For those reasons, Mr. Daly recommends investors allocate more of their portfolios to cash. Yes, it will pay almost no interest, and so the saver will lose money in inflation-adjusted terms. But that money will be ready to invest in riskier, longer-term investments whenever conditions become more favorable.

Similarly, Rick Rieder, the chief investment officer of global fixed income at BlackRock, the huge asset manager, recommends that investors focused on the medium term build a portfolio that combines stocks, which offer upside from rising corporate earnings, with cash, which offers safety even at the cost of negative real returns.

“It’s surreal,” Mr. Rieder said. “This is one of those periods of time when the fundamentals are completely detached from reality.

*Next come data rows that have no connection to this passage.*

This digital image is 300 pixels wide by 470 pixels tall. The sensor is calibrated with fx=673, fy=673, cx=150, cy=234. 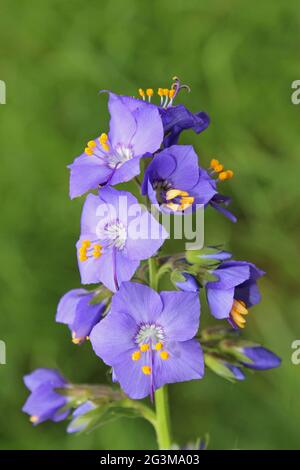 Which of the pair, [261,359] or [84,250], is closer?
[84,250]

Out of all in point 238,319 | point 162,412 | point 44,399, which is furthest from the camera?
point 44,399

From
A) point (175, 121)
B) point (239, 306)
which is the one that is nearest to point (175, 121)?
point (175, 121)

Where real rates are today makes no sense relative to the reality we live in.”

The Fed, besides keeping its short-term interest rate target near zero, is buying $120 billion in securities every month through its quantitative easing program, and is only now starting to talk about plans to taper those purchases. That has the effect of putting an enormous buyer in the market that is bidding up the price of bonds, and thus pushing rates down.

Fed officials believe the strategy of keeping easy monetary policy in place even as the economy is well into its recovery will help bring the American job market back to full health quickly. The aim is also to establish credibility that its 2 percent inflation target is symmetric, meaning that it will not panic when prices temporarily overshoot that target.

Many of the people involved in market strategy are less than thrilled with this approach, and the consequences for would-be investors.

“Nominal yields are low because of how much the Fed is buying,” said Ms. Desai of Franklin Templeton. “It’s ludicrous given where we are” with growth and inflation.